Description of the task
Repeat exactly what runs from the line with "A room featuring" through the last line of the material, and keep the pictures out of it.
+++ Dataset extract
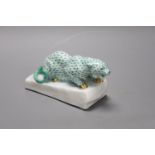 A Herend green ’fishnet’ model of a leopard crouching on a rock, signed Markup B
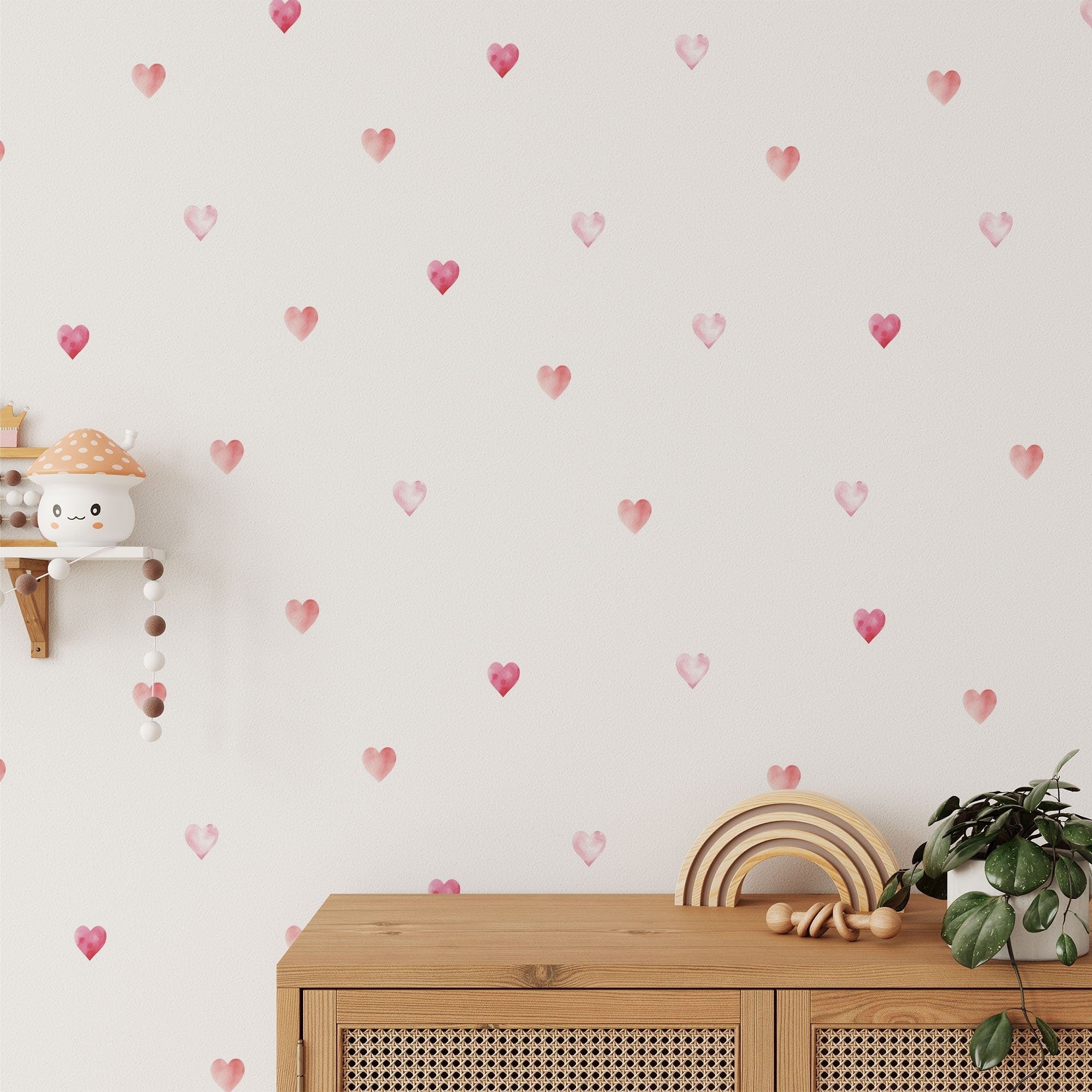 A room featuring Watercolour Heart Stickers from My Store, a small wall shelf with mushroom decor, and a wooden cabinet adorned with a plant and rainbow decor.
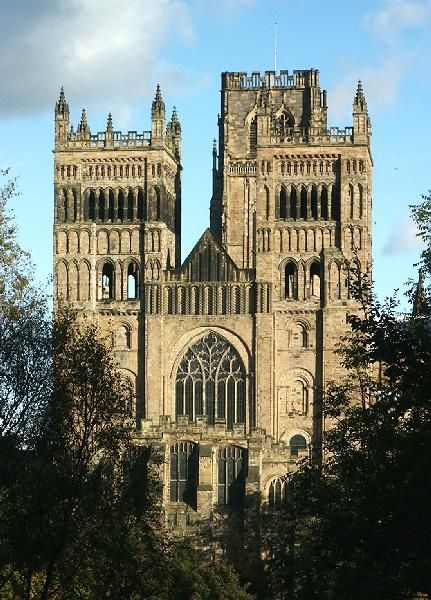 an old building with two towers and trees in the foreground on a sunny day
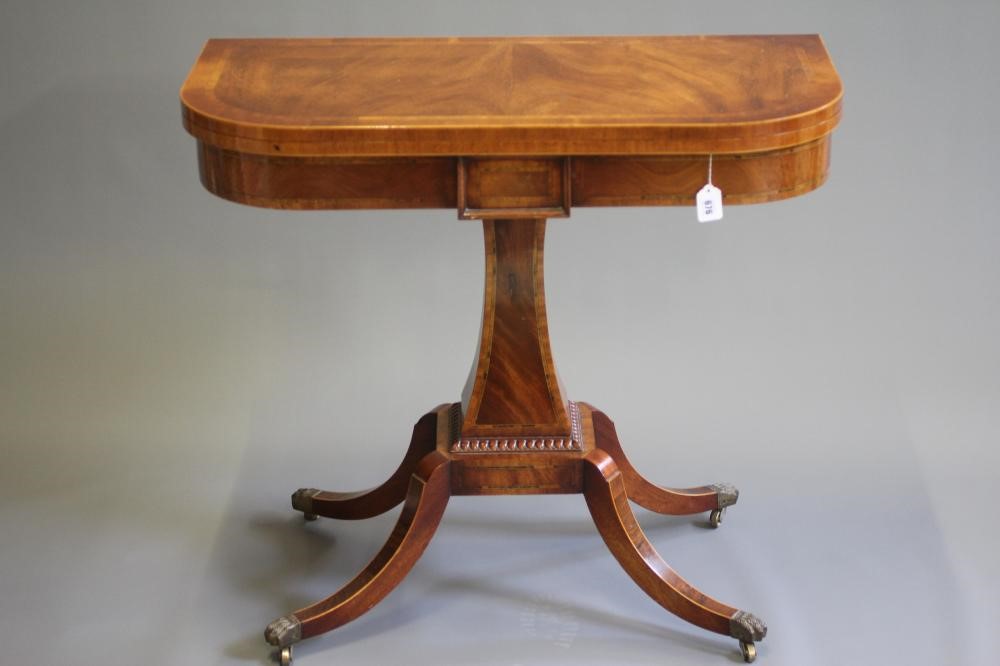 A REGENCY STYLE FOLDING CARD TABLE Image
++++++
Written solution
 A room featuring Watercolour Heart Stickers from My Store, a small wall shelf with mushroom decor, and a wooden cabinet adorned with a plant and rainbow decor.
 an old building with two towers and trees in the foreground on a sunny day
 A REGENCY STYLE FOLDING CARD TABLE Image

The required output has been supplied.